Lawyer Mauro Licen, PDEA Central Visayas legal officer, said illegal drugs were rampant in Barangay Kamagayan because of the village’s location.
“These drug users and dealers occupy shanties and they are building a community that has their own alarm system,” he said. “So it’s really hard to penetrate. The suspects are hard to capture,” he added.
Another reason authorities are having difficulty shutting the illegal business down is the involvement of minors.
Children are being used as drug couriers as confirmed by the arrest on July 7 of two girls—ages 15 and 13—in a buy-bust operation. They were caught selling Nubain.
Since they are minors, the girls had been turned over to the Department of Social Welfare and Development.
“That’s really our setback,” said Senior Supt.
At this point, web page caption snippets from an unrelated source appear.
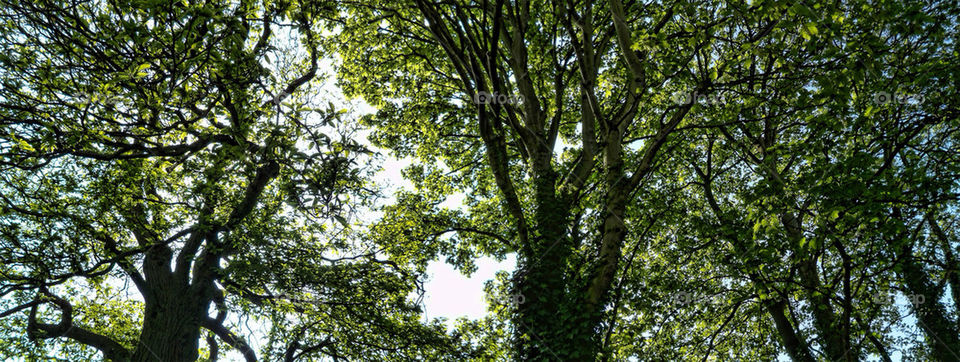 Leafy trees in Summer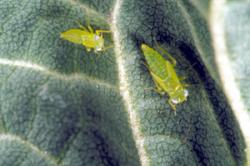 2 small elongated insects on a leaf.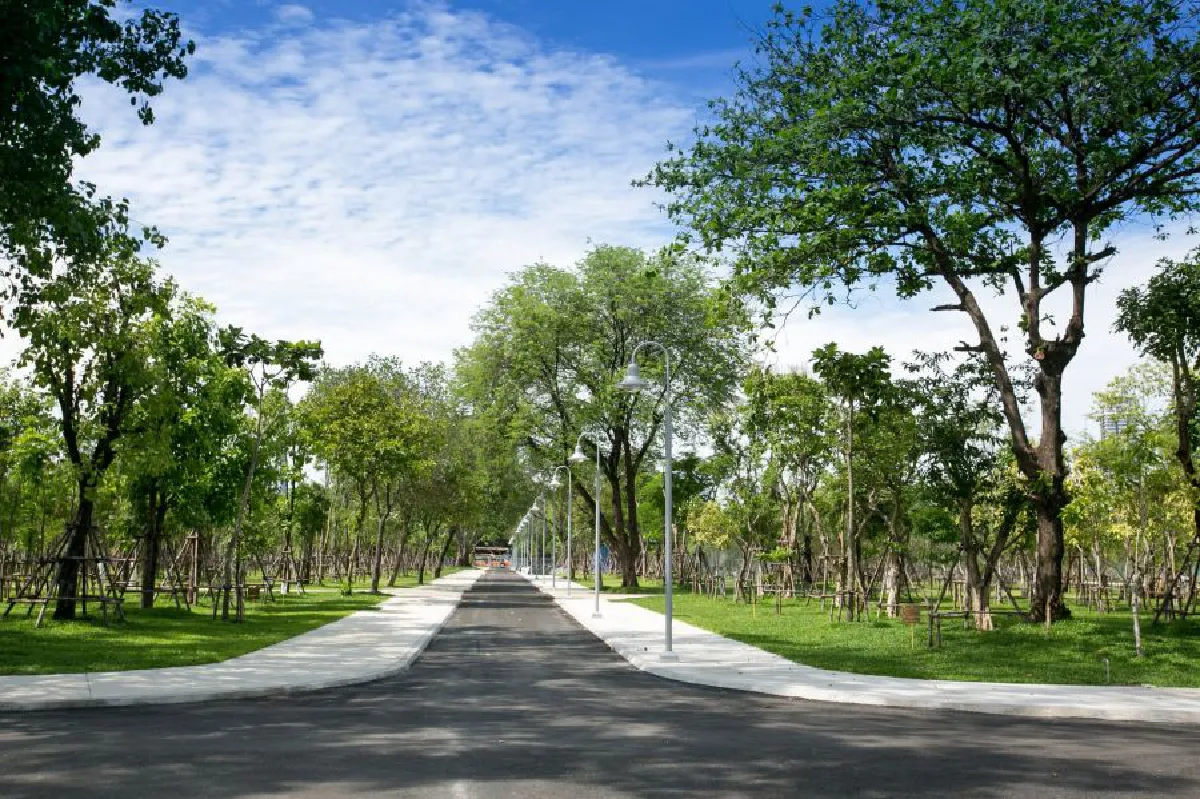 เดินหน้าปรับแผนสร้างสวนป่าเบญจกิติ เฉลิมพระเกียรติ สมเด็จพระบรมราชชนนีพันปีหลวง 12 ส.ค.2564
Conrado Capa, regional police deputy director for operations.
Search for solutions
Councilor Cuenco asked the police and the military to set up checkpoints against the transport of drugs.
He also recommended the installation of closed-circuit television cameras around the area.
His colleagues in the city council, however, opposed the proposals, saying they could violate the rights of other residents in the area who have nothing to do with illegal activities there.
“There are also many decent residents in the barangay,” said Councilor Sisinio Andales.
Vice Mayor Edgar Labella, head of the city’s Police Coordinating and Advisory Council, said City Hall wanted to demolish the Citi Center stalls and develop the area into a housing site for city employees and qualified occupants.
“The planned development is expected to get rid of illegal activities that now flourish in the area and hopefully get rid of the bad image of Barangay Kamagayan,” he said.
But the city is still looking for funds for the project.
Avila admitted that clearing Citi Center Complex would be the best way to stop illegal activities there.
At least 300 residents of the complex filed a petition in court to stop their eviction unless the city gives them a relocation site. The local court dismissed the petition in June 2013.
Collin Rosell, head of the city’s Department for the Welfare of the Urban Poor, said an eviction notice was issued in July to 96 families occupying Citi Center.
After the complex is demolished, he said illegal settlers who qualify for relocation would be allowed to build temporary structures in the area until the housing project for them and city government employees is finished.